Na edição desta semana da revista “Carta Capital”, o
jornalista Mauricio Dias dedica uma página para apontar a falta de gratidão
que, segundo ele, caracteriza minha pessoa. Num texto cheio de inverdades sob o
título “Um Retrato de Marina”, cita dois episódios ocorridos no período em que
eu sofria os malefícios da contaminação por mercúrio, na década de 1990. Bastaria
o jornalista, ao menos, ter me ligado para que eu esclarecesse as situações
citadas. Não o fez -o que é estranho e me faz suspeitar de suas reais
intenções-, por isso devo eu mesma relatar os fatos para repor a verdade.

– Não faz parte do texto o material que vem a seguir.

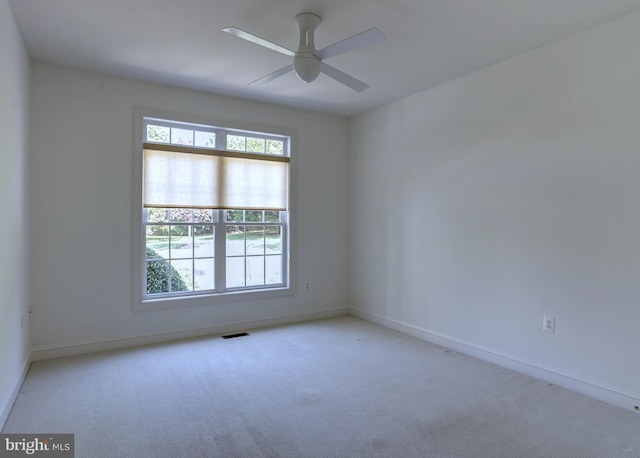 empty room featuring carpet and baseboards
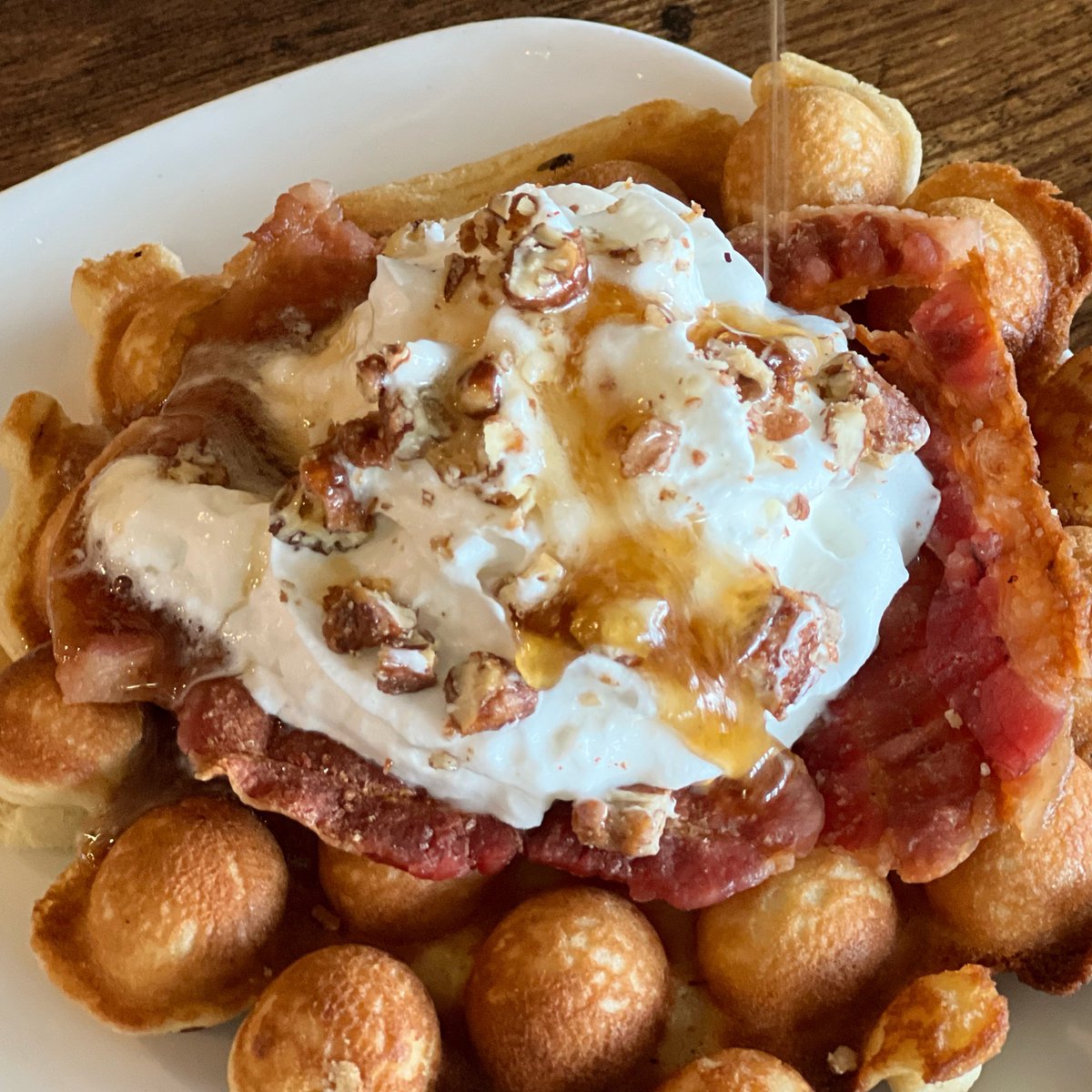 First a new year, now a new moon, and with it an epic new lunar cycle waffle. Maple + Bourbon + Bacon + Pecan Pralines With a hot maple bourbon syrup drizzle, this waffle is loaded with bacon, whipped cream, and candied pecan pieces. See you soon… #🌜🍁🥃🥓🌛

Em 1991, quando passei a ter desmaios, tremores, crises
alérgicas e outros padecimentos, passei a morar na casa da minha sogra, no
bairro do Boqueirão, em Santos (SP), em busca de serviço médico especializado
que não encontrava no Acre. Durante um ano e oito meses, fiz uma infinidade de
exames no Hospital Albert Einstein, em São Paulo, todos bancados por mim, sem
que os médicos chegassem a um veredito sobre as causas de minha enfermidade. Ao
ler um artigo numa revista médica sobre as consequências da presença de
mercúrio no sangue, que provocava sintomas semelhantes aos meus, procurei o
autor do texto que, então, me indicou dois especialistas no assunto, os
doutores José Maria de Melo Barros de Santos, já falecido, e Efraim Osvalde, de
São Paulo. Foram os dois que tomaram a iniciativa de enviar amostras de meu
cabelo a um laboratório nos Estados Unidos, exames pagos novamente por mim e
que confirmaram a presença de mercúrio em níveis elevados.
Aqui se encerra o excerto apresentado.